Experts suggest that as a first-time buyer, it might well be worth fixing your interest repayments for a longer period of years to take advantage of the continuing low rates.

Chiel Versteege of My Dutch Mortgage Online says that increases in mortgage rates had been widely expected, given the recent moves by the central banks. ‘We are not surprised by the increase, but we are by the percentage,’ he says. ‘The current macro-economic uncertainty has caused interest rates to go up even faster.’

Nevertheless, says Chiel, ‘although rates are up by around one third in the past few months, they started from such a low level that the interest you will pay on your mortgage will still be extremely beneficial.’

spot news February: Where are the cheapest homes for sale in the Netherlands? Head for the north and south of the Netherlands

House prices in the Netherlands are still rising – they were up 21% this January compared with January 2021 – but very much depends on where you are looking to buy.

The difference in house prices between places in the Netherlands

New figures from the national statistics office CBS show that the average price paid for a house in the Netherlands was €387,000 last year

But it really depends on where you want to buy your next house. The house prices can differ a lot in the Netherlands. Blaricum for example is very expensive, whereas small places in the north and the south of the Netherlands can be very cheap compared to the rest.

The average price paid for a house in Blaricum was over €1m – more than five times that of the village of Pekela in Groningen province, where the average price was just €200,000.

Of course, much depends on how much you are willing to pay and what you are looking for as well. At the time of writing, you could snap up a three bed flat in a modern Blaricum housing complex for €175,000, while in Pekela (Groningen) a detached, six-room modern home was on sale for €750,000.

The best places to find a bargain were in Groningen and Limburg, while seven of the 10 most expensive places were in Noord Holland province.
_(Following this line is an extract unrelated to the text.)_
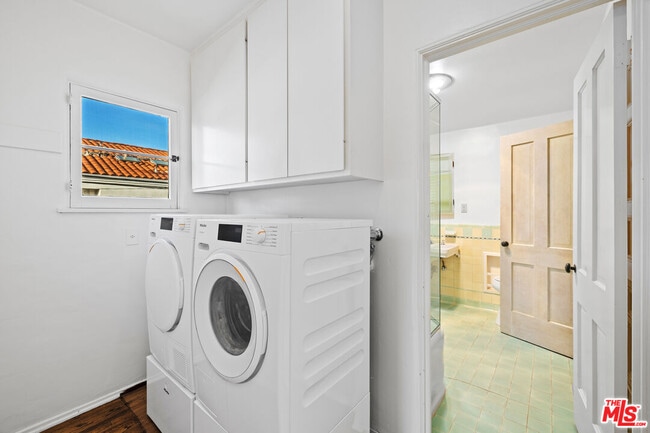 Building Photo - 200 S Anita Ave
In Bloemendaal and Laren, average prices were also around the €1m mark, while house prices in Amstelveen beat Amsterdam, with houses selling for an average of €625,700.

There were, however, two locations where house prices had actually gone down – Veere in Zeeland and the Wadden island of Ameland.
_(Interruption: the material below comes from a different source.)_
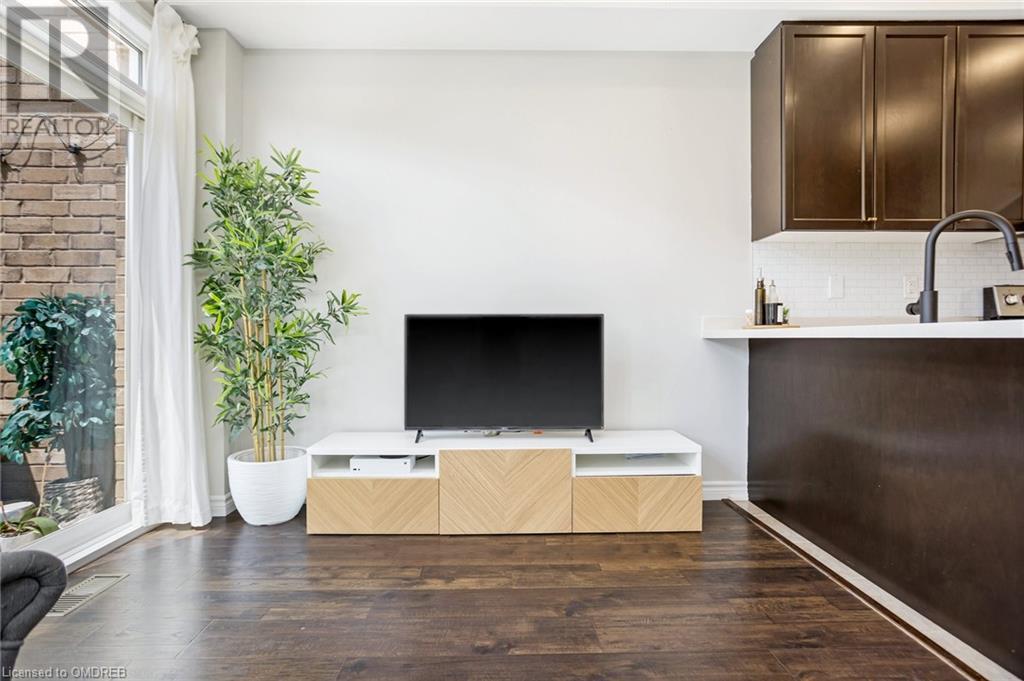 Image of property at 706 AGNEW Crescent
The CBS has an interactive map so you can check out the average prices in the places where you are thinking of buying a house.

spot news January: New Dutch housing minister has a difficult job ahead

Anyone who wants to buy a house in Amsterdam, or anywhere else in the Netherlands for that matter, will be well aware of just how difficult it can be to find a house in the current market.

In an effort to tackle the shortage of supply and soaring house prices, the new Dutch government includes a specialist housing minister in its line-up – the first time in 10 years that someone has been specifically charged with making sure there are more affordable homes.

The government has pledged to add one million homes to the housing stock, at a rate of 100,000 a year, so the new minister has his work cut out. The job has gone to Hugo de Jonge, who steered the Netherlands through the first two years of the coronavirus pandemic. He has already said that he relishes the challenge ahead, but that he has a lot to learn.
Meanwhile, the Dutch real estate agents’ association NVM has called on De Jonge to set up an industry-wide team to tackle the problem of the housing market. 'There is no time to waste' NVM director Onno Hoes said earlier this month.

The fourth quarter figures of 2021 show just how urgent the situation has become. In the fourth quarter of last year, 35,000 homes found a new owner – a drop of 23% on the same period in 2020.

But by the end of the year, there were just 15,600 homes for sale, down 33% on a year ago. The average price was up almost 21% at €438,000. The houses that did come up for sale were sold in an average of 23 days.

First time buyers should not give up, however, no matter how difficult the market seems to be. After all, prices are much lower outside the big cities, and with working from home becoming the norm, smaller towns and villages are a much better bet.